Diana’s wish, naturally, has to do with the long-dead love of her life, Steve Trevor. Through this clunky bit of storytelling, Steve comes back. For reasons I can’t fathom, Steve didn’t just magically appear, he’s hijacked the body of some poor guy who no one seems to care about, and this leads to one amusing fashion montage and a LOT of questionable choices. While Chris Pine does a great job as Steve, through no fault of his own, this is about when the movie start going downhill.
Barbara’s wish gets her started on the road to power, and at first it seems like one of those bad 80’s movies (Hey, right era at least) when the dorky kid becomes popular and handles it badly. But things get much worse. Diana and Steve enjoy each other, which is really problematic. While I wouldn’t kick either Wonder Woman or Gal Gadot out of my bed, I’d like to have some choice in the matter. Poor Nameless Guy doesn’t get that. Max, coming into his own weird power, moves around the world, causing chaos, bringing bad Arab stereotypes to life, and giving us the only other mention to the wider world of DC, with a passing reference to Bialya, Bialya has been the source of a lot of problems for various DC heroes, but we see none of that.
As Barbara gets corrupted by her newfounded abilities, Diana and Steve ride the DC Metro (with anachronistic signs indicating lines that didn’t exist back then), steal a plane (that the decades-out-of-date Trevor knows how to fly), exceed the flying range of any craft of that size, and, oh yeah, Diana gets a new ability by the Power of Convenience, which is a sort of nod to one of Wonder Woman’s iconic tools.
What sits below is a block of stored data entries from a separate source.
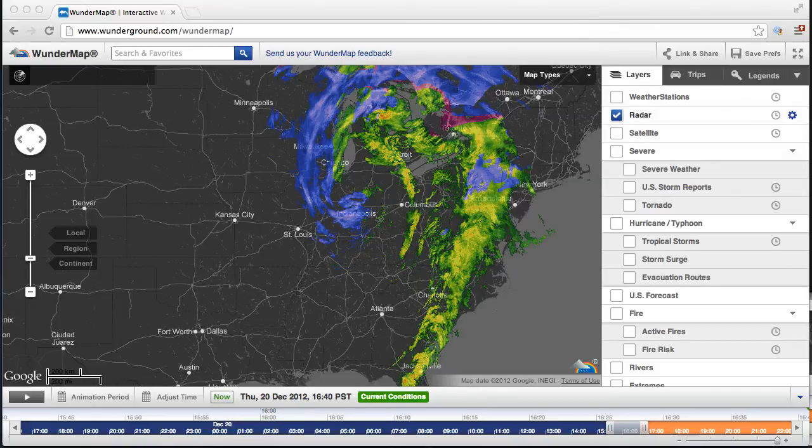Hi, I'm John Salenza, and I'm one of the developers here at Weather Underground. Today I want to help everyone along in transitioning to the new Wonder Map.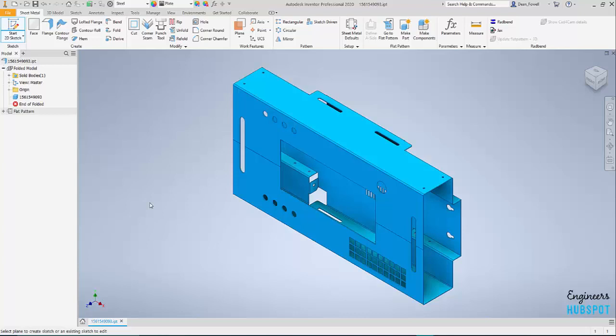Hey everybody, welcome back to the channel. Got another video for you today, something a little bit different. Basically, it's how to do some quoting on a sheet metal part real quick.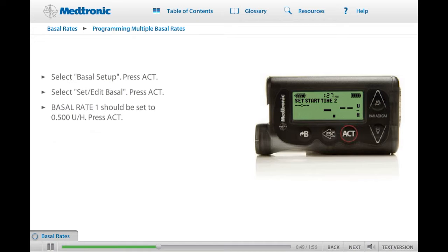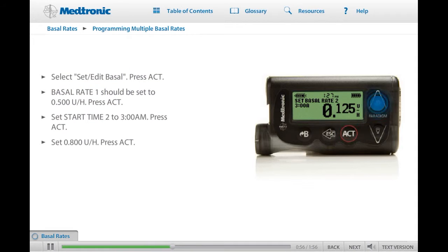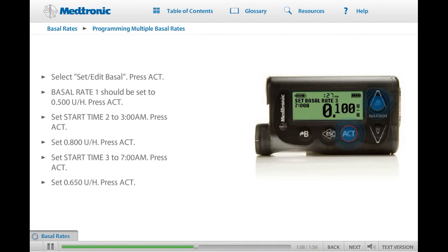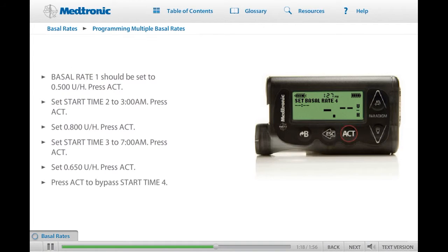Set Start Time 2 to 3 a.m. and set the rate to 0.800 units per hour. Press ACT to continue. Next, set Start Time 3 to 7 a.m. and set the rate to 0.650 units per hour. Press ACT to confirm. When the dashes for Start Time 4 appear, press ACT. We will only set three basal rates for this practice.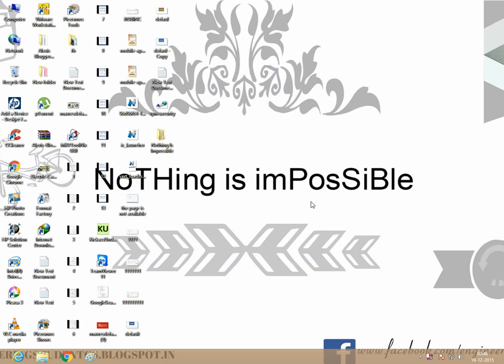Hi friends, welcome to Nothing is Impossible. Today we are going to see how to add a video auto-playing in your YouTube channel home screen.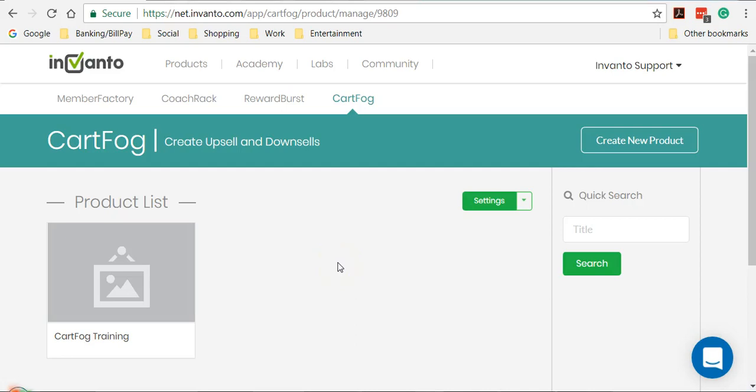Welcome back. In this video, we are going to see how we can use the funnel feature of CardFog to add an upsell, downsell, or a bump order to your main product. What this allows you to do is offer additional products whenever a customer purchases your main product. Let me show you how you can use the funnel feature right away.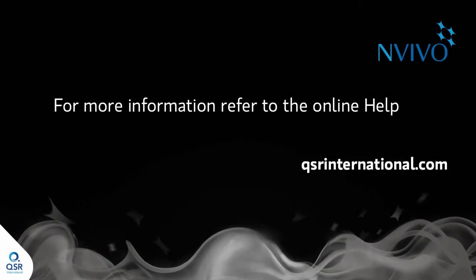Coding queries let you reassemble your coded content in all sorts of ways. For more information, refer to the online help.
Max keeps getting more and more power, ignores his son the mother is never mentioned), and manipulates people with ridiculous ease to do just what he wants. It’s never enough for him, and he escalates things constantly. We do learn of a way to stop Max, but it comes at a huge price. Diana resists, but eventually pays it, since there’s no other option. Barbara gets more and more selfish, clashing with her former friend and slowly metamorphosizing towards her comic book incarnation. There, she’s known as Cheetah. The Cheetah character has had several origins over the decades. This is none of them.